As depicted in Figure 1D, CCL21 levels above median levels, but not CCL19 levels, were closely associated with all-cause mortality in this population. Similar to CCL21, high levels of NT-proBNP (>median levels) were associated with significant increased all-cause mortality during follow-up (Figure 1D). When comparing high versus low CCL21 concentrations in the total patient population, correcting for age and creatinine levels, the hazard ratio (HR) was 2.84 (1.39–5.82), p = 0.004 (Figure 1E, model 1). After additional adjustment for LDL cholesterol, hypertension, diabetes type 2, etiology (Figure 1E, model 2), and CRP and Nt-proBNP (Figure 1E, model 3), this relationship remained significant. Also, the cox-regression indicated that CCL21 alone was the only predictor when analyzed together with CCL19 alone and with the interaction term (data not shown).

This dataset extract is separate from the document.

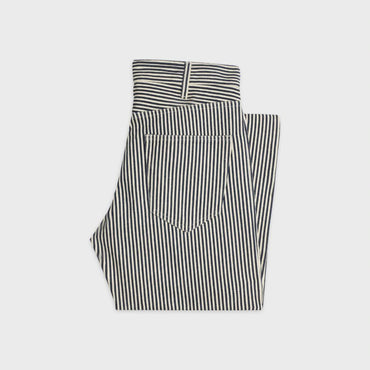 Serge Flare Jeans - Indigo/White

Serum levels of CCL21 predict mortality in patients with acute post-MI HF –results from the OPTIMAAL trial
At baseline, i.e., randomization time, significantly elevated levels of CCL21, but not of CCL19, were found in patients with NYHA class III as compared with those in NYHA class I/II (Figure 2A), and this difference persisted throughout the study period (Figure 2B). Moreover, at all time points, CCL21, but not CCL19, were significantly correlated with plasma levels of Nt-proBNP (Figure 2C). During an average follow-up of 27 months, there was no difference between the captopril and the losartan group in relation to total (n = 32) and CV (n = 26) mortality or in relation to serum levels of CCL19 and CCL21 (data not shown). ROC analysis showed that CCL21 levels, but not CCL19 levels, after 1 month, but not at baseline, were associated with total mortality and in particular CV death, with an AUC exceeding that of Nt-proBNP (Figure 2D). Kaplan-Meier plot showed a higher total mortality and CV death in patients in the highest CCL21 tertile as compared with the other patients (Figure 2E). When comparing high versus low CCL21 concentrations in the total patient population (highest versus two lower tertiles), the unadjusted HR was 4.33 (1.63–11.54); p = 0.002) and 4.36 (1.48–12.68); p = 0.007), total and CV death, respectively (Figure 2F, model 1). This relationship remained significant for CV death, but not for total mortality also after adjustment for age, creatinine levels, LDL cholesterol, hypertension, diabetes type 2, CRP and Nt-proBNP (Figure 2F, model 2).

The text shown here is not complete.